Reason / purpose for cross-reference:
read-across source
Sex:
male/female
Dose descriptor:
LC50
Effect level:
> 4.5 other: mg/l water (analytically verified)
Based on:
test mat.
Exp. duration:
4 h
Remarks on result:
other: Standard deviation: 0.6 mg/l
Mortality:
One male was found dead approximately 2 hours after start of exposure. No further mortality occurred.
Clinical signs:
other: Laboured respiration was observed for two males between approximately 1.5 and 3.5 hours after start of exposure, including the male that was found dead. Hunched posture, lethargy, rales, gasping, piloerection, chromodacryorrhoea and/or ptosis were observ
Body weight:
Body weight gain of surviving males and females was within the range expected for rats of this strain and age used in this type of study.
Gross pathology:
No abnormalities were found at macroscopic post mortem examination of the animals.
Other findings:
No data
Interpretation of results:
not classified
Remarks:
Migrated information Criteria used for interpretation of results: EU
Conclusions:
The inhalatory LC50, 4h value of strontium nitrate in Wistar rats was considered to be 4.5 +/- 0.6 mg/l.
Based on these results Strontium Nitrate does not have to be classified and has no obligatory labeling requirement for acute inhalation toxicity according to the Globally Harmonized System of Classification and Labeling of Chemicals (GHS) of the United Nations (2007) and Regulation (EC) No 1272/2008 on classification, labelling and packaging of substances and mixtures.
According to the criteria specified by Directive 67/548/EEC and subsequent regulations, the test item is not classified as acute toxic by the inhalation route.
Endpoint conclusion
Endpoint conclusion:
no adverse effect observed
Dose descriptor:
discriminating conc.
Value:
4.5 mg/m³ air

Additional information

Justification for selection of acute toxicity – oral endpoint

reliable GLP guideline study available and valid based on a read-across approach

Justification for selection of acute toxicity – inhalation endpoint

reliable GLP guideline study available and valid based on a read-across approach

Justification for classification or non-classification

For oral toxicity and inhalation toxicity, a read-across approach was used and the results were considered valid for determining classification.

Acute oral toxicity

There is one reliable study for acute oral toxicity testing performed by Notox in 2010 according to the current valid EC guideline.
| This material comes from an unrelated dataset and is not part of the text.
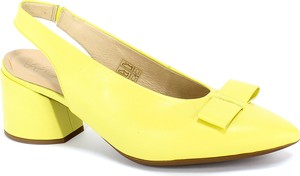 Żółte sandały Wonders ze skóry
The LD50 was determined to be > 2000 mg/kg bw. Hence, no classification and labelling is required for the test substance.

Specific target organ toxicant (STOT) – single exposure: oral

The classification criteria according to regulation (EC) 1272/2008 as specific target organ toxicant (STOT) – single exposure, oral are not met since no reversible or irreversible adverse health effects were observed immediately or delayed after exposure and no effects were observed at the guidance value, oral for a Category 1 classification of 300 mg/kg bw and at the guidance value, oral for a Category 2 classification of 2000 mg/kg bw in addition to this effects which were responsible for the death of the animals. No classification required.

Acute inhalation toxicity

There is one study on acute toxicity, inhalation available. This study was performed with a limit concentration of 4.5 mg/L +- 0.6 mg/L strontium nitrate. One out of ten animals died within the observation period (after 2 hours after start of exposure). According to the regulation (EC) 1272/2008 the threshold value for LC50 is > =5 mg/L. It can be stated that the LC50 of strontium nitrate is > 5 mg/L and therefore the classification and labelling according to GHS is not required.

Specific target organ toxicant (STOT) – single exposure: inhalation

Laboured respiration was observed for two males between approximately 1.5 and 3.5 hours after start of exposure, including the male that was found dead.

Hunched posture, lethargy, rales, gasping, piloerection, chromodacryorrhoea and/or ptosis were observed among three males mainly between Days 1 and 6 after exposure. Rates were also observed during the second week of the observation period. No clinical signs were noted among the other animals. It can be concluded that these effect observed in two and three animals (out of ten), respectively are not sufficient for classification.